Results & URL spreadsheet
-
mmdc-urls-unified_15042026.xlsx is the master spreadsheet and the single source of truth for everything archived from mmdc.nl. It gives a detailed overview of all mmdc.nl URLs captured in the WBM. These include per-URL status, WBM capture URLs and timestamps, and local file paths for every individual item.
-
The Excel detail page gives the full column-by-column breakdown of all three sheets in the Excel:
non-catalog-pages(466 rows - Phase 1, Dec 2025)catalog-pages(11.738 rows - Phase 2, April 2026)catalog-pages-full-metadata(18.724 rows)
Screenshots
1. Static pages - before/after screenshots
Each pair shows the (now defunct) mmdc.nl page (left) and the same URL as captured in the Wayback Machine (right, with the WBM toolbar visible at the top).
Homepage
| Original (defunct) | Wayback Machine |
|---|---|
![]() | ![]() |
- Original: https://mmdc.nl/static/site/
- Wayback Machine (07-12-2025): https://web.archive.org/web/20251207222812/https://mmdc.nl/static/site/
Collections
| Original (defunct) | Wayback Machine |
|---|---|
![]() | ![]() |
- Original: https://mmdc.nl/static/site/collections/index.html
- Wayback Machine (14-12-2025): https://web.archive.org/web/20251214072708/https://mmdc.nl/static/site/collections/index.html
Highlights
| Original (defunct) | Wayback Machine |
|---|---|
![]() | ![]() |
- Original: https://mmdc.nl/static/site/highlights/index.html
- Wayback Machine (14-12-2025): https://web.archive.org/web/20251214074859/https://mmdc.nl/static/site/highlights/index.html
Literature
| Original (defunct) | Wayback Machine |
|---|---|
![]() | ![]() |
- Original: https://mmdc.nl/static/site/literature/index.html
- Wayback Machine (14-12-2025): https://web.archive.org/web/20251214080033/https://mmdc.nl/static/site/literature/index.html
Research & Education (Palaeography)
| Original (defunct) | Wayback Machine |
|---|---|
![]() | ![]() |
- Original: https://mmdc.nl/static/site/research_and_education/palaeography/index.html
- Wayback Machine (14-12-2025): https://web.archive.org/web/20251214082705/https://mmdc.nl/static/site/research_and_education/palaeography/index.html
About
| Original (defunct) | Wayback Machine |
|---|---|
![]() | ![]() |
- Original: https://mmdc.nl/static/site/about/index.html
- Wayback Machine (14-12-2025): https://web.archive.org/web/20251214063529/https://mmdc.nl/static/site/about/index.html
2. Catalog pages
The 11.738 catalog (manuscript detail) records were JavaScript-rendered on the live site, so they were pre-rendered to static HTML and submitted to the Wayback Machine under the /wbm/site/search/catalog-page-N.html path.

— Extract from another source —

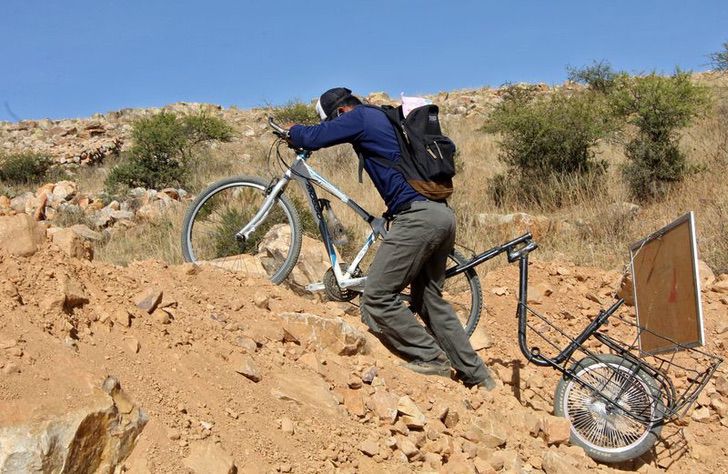 Profesor de Bolivia acompañado de su bicicleta yendo a dar clases a una comunidad indígena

No comparable “before” WBM screenshot could be captured, because the JavaScript-based catalog pages were not suitable to be captured by the WBM - only the archived version of the pre-rendered HTML is shown below.
![]() |
catalog-page-2: Tongeren fragments / Usuard - The Hague, KB : ms. 70 E 4
|
![]() |
catalog-page-500: Book of hours - The Hague, KB : ms. 77 L 60
|
![]() |
catalog-page-5000: Lectionary - The Hague, KB : ms. 70 E 8
|
How mmdc.nl got into the Wayback Machine
1. Spidering the site
Because mmdc.nl is a JavaScript-rendered single-page application, a simple HTTP crawler could not discover all URLs. A custom spider was built, see the _spider-artifacts/ folder:
-
Seed URLs - a manually composed list of top-level section pages (homepage,
/collections/,/highlights/,/literature/,/research_and_education/,/about/,/links/). -
Crawler - Python + Crawlee with a headless browser, renders each page, extracts internal links, and classifies them by URL pattern (
SEARCH_CATALOG,HIGHLIGHTS,LITERATURE,COLLECTIONS,STATIC_ASSETS, …) via url_classifier.py. -
Catalog expansion - search results were paginated and catalog IDs extracted using extract_catalog_ids.py and generate_catalog_urls.py to enumerate all 11.738 manuscript catalog records. PDF links were harvested separately using extract_pdfs.py.
-
Consolidation - all discovered URLs were deduplicated and written to a single spreadsheet using combine_all_urls.py and create_unified_excel.py, eventually resulting into the ‘master’ Excel mmdc-urls-unified_15042026.xlsx.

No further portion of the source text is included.